* _EXTRACTED ENTRIES_:
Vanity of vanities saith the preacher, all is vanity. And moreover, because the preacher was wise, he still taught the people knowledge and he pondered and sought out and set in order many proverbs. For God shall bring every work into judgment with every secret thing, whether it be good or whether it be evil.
---
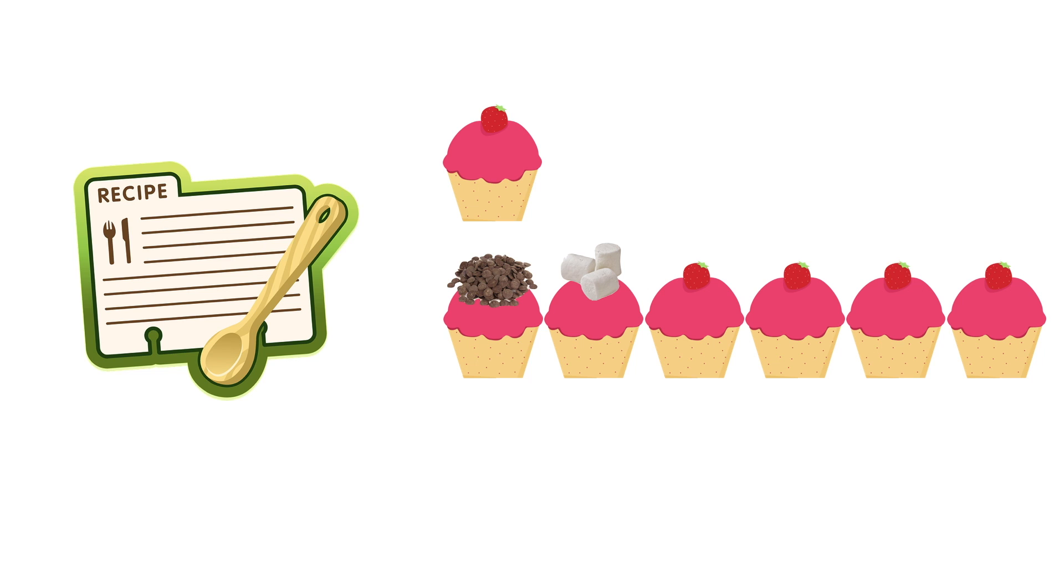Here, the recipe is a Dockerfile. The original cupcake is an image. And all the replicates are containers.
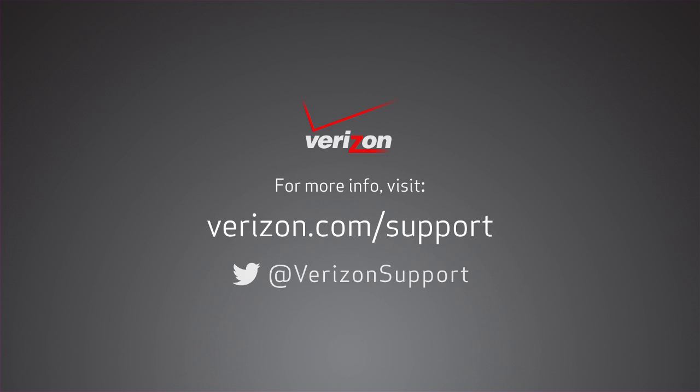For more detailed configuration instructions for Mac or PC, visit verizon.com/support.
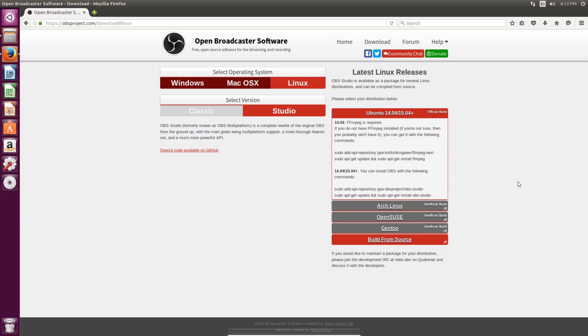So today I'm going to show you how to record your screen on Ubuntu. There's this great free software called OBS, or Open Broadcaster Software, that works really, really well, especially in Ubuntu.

* _WHAT YOU SHOULD DO_:
Reproduce the data above exactly, but only from the line containing "Here, the recipe" through the line containing "So today I'm". Omit all pictures.

* _EXERCISE ANSWER_:
Here, the recipe is a Dockerfile. The original cupcake is an image. And all the replicates are containers.
For more detailed configuration instructions for Mac or PC, visit verizon.com/support.
So today I'm going to show you how to record your screen on Ubuntu. There's this great free software called OBS, or Open Broadcaster Software, that works really, really well, especially in Ubuntu.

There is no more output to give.